主観的に決められた有意水準

いつもマイナー小ネタばかり書いていると、真面目なことは何もしていないように思われてしまいかねないので、たまには少し専門に関係することも。

統計学には仮説検定という手法があり、その中で重要なことに「有意水準」という考え方があります。多くの場合、有意水準としては5%が使われることが多いのですが、研究者によっては1%だったり10%だったり、えーーーっとまあ、早い話が人によって採用する有意水準には違いがあります。

「なぜ、人によって採用する有意水準が違うのか?」なのですが、それは実は有意水準は現代統計学の生みの親であるR. A. Fisher*1によって主観的に決められたからです。

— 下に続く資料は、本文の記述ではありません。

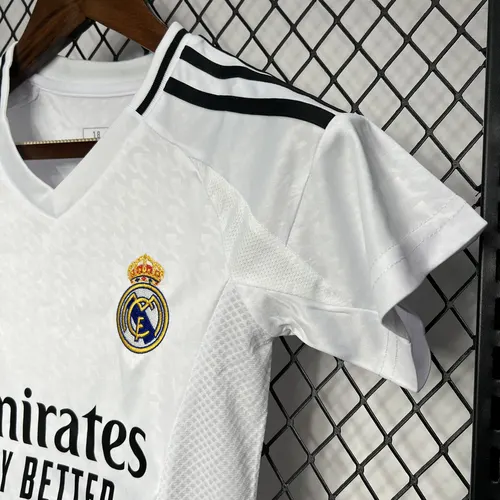 Camiseta de Fútbol Real Madrid Local 2024/2025  Talla Infantil — view 5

このことは統計学者の間ではよく知られた事実です。たとえば、統計学者・赤池弘次の「統計とエントロピー」(数学セミナー[1982])などでは「(赤池情報量規準を使えば)0.05等のような有意水準と呼ばれるような主観的な要素は不要」とまで断じられています。

先日も芝村良「R. A. フィッシャーの統計理論」(九州大学出版会[2004])のpp. 51に「今日においては、有意水準は5%および1%に設定されることが慣例となっているが、(中略)そうした有意水準の設定の根拠がフィッシャーによってconvenientやpreferという主観的な表現を用いて説明されていた」とはっきりと指摘してあるのを見つけました。

たまに有意水準をめぐって「5%が当然だ」「いや、うちでは1%だ」「10%にしてくれ」などという議論を見かけます。有意水準をどこにおくかは主観的に決まっているので、どれも間違いではありません。

「主観で決まるなんて科学としては気持ち悪い」と思う人はなるべく仮説検定を使わずに、いくつかある代替手法(信頼区間赤池情報量規準ベイズ理論など)のどれかを用いれば良いのではないかと思います。

*1:ほぼ同時代のひとですが、経済学者のIrving Fisherとは別人です。